* Instructions to follow
Please give a word-for-word repeat of the line containing "Miroir compact vide" and all lines that come after it in the entries below, ending at the last line.
*** Material shown ***
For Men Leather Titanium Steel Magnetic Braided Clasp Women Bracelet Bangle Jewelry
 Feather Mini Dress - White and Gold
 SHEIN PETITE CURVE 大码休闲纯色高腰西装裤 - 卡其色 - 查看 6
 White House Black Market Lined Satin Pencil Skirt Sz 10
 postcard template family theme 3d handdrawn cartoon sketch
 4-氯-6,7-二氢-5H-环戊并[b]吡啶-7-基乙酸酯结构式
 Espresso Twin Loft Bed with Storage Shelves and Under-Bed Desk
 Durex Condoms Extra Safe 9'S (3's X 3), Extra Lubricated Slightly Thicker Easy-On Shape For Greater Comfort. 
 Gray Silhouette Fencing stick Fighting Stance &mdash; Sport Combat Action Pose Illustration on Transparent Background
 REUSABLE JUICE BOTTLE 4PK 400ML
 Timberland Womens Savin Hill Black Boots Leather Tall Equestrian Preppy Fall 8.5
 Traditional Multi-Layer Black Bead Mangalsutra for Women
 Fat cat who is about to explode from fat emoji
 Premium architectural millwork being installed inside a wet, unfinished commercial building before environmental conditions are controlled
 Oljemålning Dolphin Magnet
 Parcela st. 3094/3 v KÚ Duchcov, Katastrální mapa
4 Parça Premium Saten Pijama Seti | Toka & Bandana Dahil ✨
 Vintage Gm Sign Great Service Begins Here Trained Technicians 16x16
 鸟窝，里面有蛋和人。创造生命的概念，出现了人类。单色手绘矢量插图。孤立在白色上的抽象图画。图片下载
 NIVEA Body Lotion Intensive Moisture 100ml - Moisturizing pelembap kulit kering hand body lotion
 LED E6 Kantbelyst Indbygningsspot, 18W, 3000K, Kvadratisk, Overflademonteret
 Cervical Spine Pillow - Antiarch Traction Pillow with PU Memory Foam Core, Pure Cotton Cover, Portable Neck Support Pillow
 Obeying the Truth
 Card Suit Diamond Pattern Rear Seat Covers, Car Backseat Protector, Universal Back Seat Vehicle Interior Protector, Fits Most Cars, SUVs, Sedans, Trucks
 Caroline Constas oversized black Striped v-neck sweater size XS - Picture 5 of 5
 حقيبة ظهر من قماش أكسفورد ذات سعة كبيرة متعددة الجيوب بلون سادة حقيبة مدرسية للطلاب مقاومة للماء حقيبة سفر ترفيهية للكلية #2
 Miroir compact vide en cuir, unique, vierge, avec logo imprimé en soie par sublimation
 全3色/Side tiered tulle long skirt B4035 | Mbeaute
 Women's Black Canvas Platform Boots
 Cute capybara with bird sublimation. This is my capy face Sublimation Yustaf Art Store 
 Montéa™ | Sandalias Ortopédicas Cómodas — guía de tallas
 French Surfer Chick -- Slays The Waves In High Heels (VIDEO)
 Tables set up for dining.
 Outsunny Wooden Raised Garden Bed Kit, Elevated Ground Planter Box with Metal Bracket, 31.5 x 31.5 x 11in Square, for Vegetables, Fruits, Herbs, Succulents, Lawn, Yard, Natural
*** End of Material shown ***
* Answer to this exercise
 Miroir compact vide en cuir, unique, vierge, avec logo imprimé en soie par sublimation
 全3色/Side tiered tulle long skirt B4035 | Mbeaute
 Women's Black Canvas Platform Boots
 Cute capybara with bird sublimation. This is my capy face Sublimation Yustaf Art Store 
 Montéa™ | Sandalias Ortopédicas Cómodas — guía de tallas
 French Surfer Chick -- Slays The Waves In High Heels (VIDEO)
 Tables set up for dining.
 Outsunny Wooden Raised Garden Bed Kit, Elevated Ground Planter Box with Metal Bracket, 31.5 x 31.5 x 11in Square, for Vegetables, Fruits, Herbs, Succulents, Lawn, Yard, Natural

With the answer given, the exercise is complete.